Load Data from Excel Format into Database
August 24, 2009
Task: Take as input name of a directory on a Windows machine containing Microsoft Excel (xls) documents. Convert them to csv files. Process these csv files to normalize them into a single, standard csv format. Load these files into a PostgreSQL database. Tools available: Windows, Linux (Debian), Python, and PostgreSQL. Result: success (as described below).
Mount Windows Share
It is very easy to mount a Windows shared folder under Debian. Hat tip to Ubuntu Linux Quick Tip – Mount a Samba (Windows) file share to a folder and How to mount remote windows partition (windows share) under Linux. First, install smbfs.

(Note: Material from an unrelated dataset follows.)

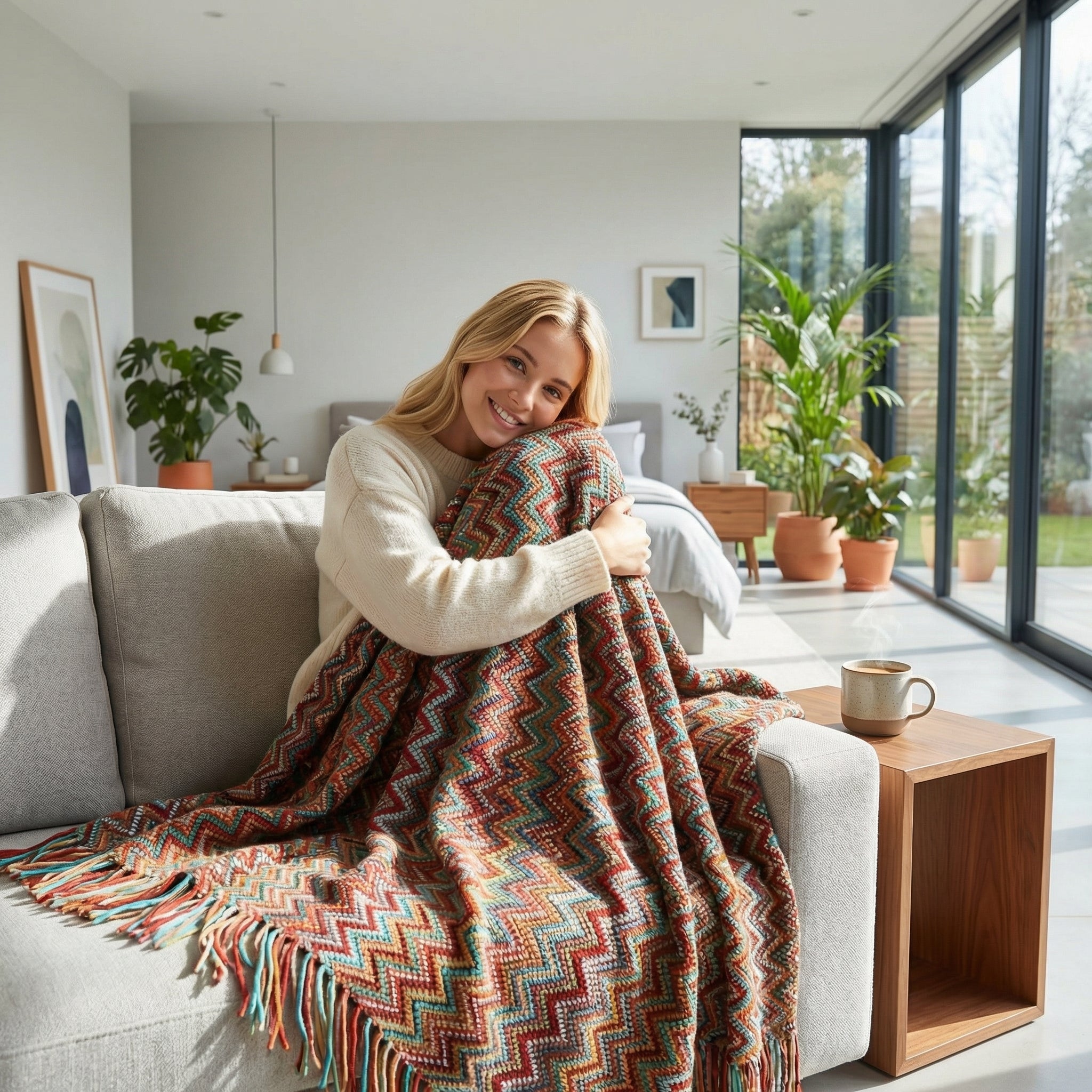 Smiling woman on a sofa wrapped in a colorful hand-knitted acrylic blanket with chevron pattern and tassels.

sudo aptitude install smbfs
Create a directory where you want to mount it. Initially, I had chosen /mnt/ but reading up on Linux File System Hierarchy, the proper place is /media instead of /mnt. So I have modified the code.
sudo mkdir /mnt/ntserver
sudo mkdir /media/ntserver
Actually mount the share using the following command. It’s a single command but the formatting may make it appear as if it’s on two lines.
sudo mount -t smbfs //192.168.0.111/shared/ /mnt/ntserver -o username=user,password=password
sudo mount -t smbfs //192.168.0.111/shared/ /media/ntserver -o username=user,password=password
Now you can easily browse and use the mounted share just like any directory. You do not need to mount it every time. Just edit your /etc/fstab so upon every reboot the share is mounted automatically. At the end of my /etc/fstab file, I added the following (hat tip to Permanent mount – fstab):
//192.168.0.111/shared /media/ntserver cifs username=user,password=password,rw,mand 0 2
Then I ran the following command:
sudo mount -a
Now with every reboot the shared directory was mounted automatically.
Convert XLS to CSV
Linux has a command line solution to it, called xls2csv. To install xls2csv in Debian, run the following command.
sudo aptitude install catdoc
Now you can use the command to convert any xls file to csv. I like to do the following, using ! as delimiter because the data I am working with usually has a list, separated by comma, in one column. To differentiate between columns and the list, I use another delimiter. With this tweak, I choose to use no quotes because it would only make things difficult by having to remove quotes myself before loading data.
xls2csv -x -q0 -c! myfile.xls
Since xls in all it’s wisdom can cause date and time problems when converting to csv, Python may need to be used. xlrd is a package for Python to extract Excel data. To install it in Debian, run the following.
sudo aptitude install python-xlrd
Normalize CSV Files
Normalize the resulting csv files, with their different formats, by using standard commands, like cut, sort, uniq, etc. This normalization should be done based on the table structure into which data has to be loaded in the next step.
Load Data into Database
You can use the copy command in PostgreSQL to load csv files into it.
Update 2009-08-25: Added Python to the tools because of problems with Excel (xls) date time format.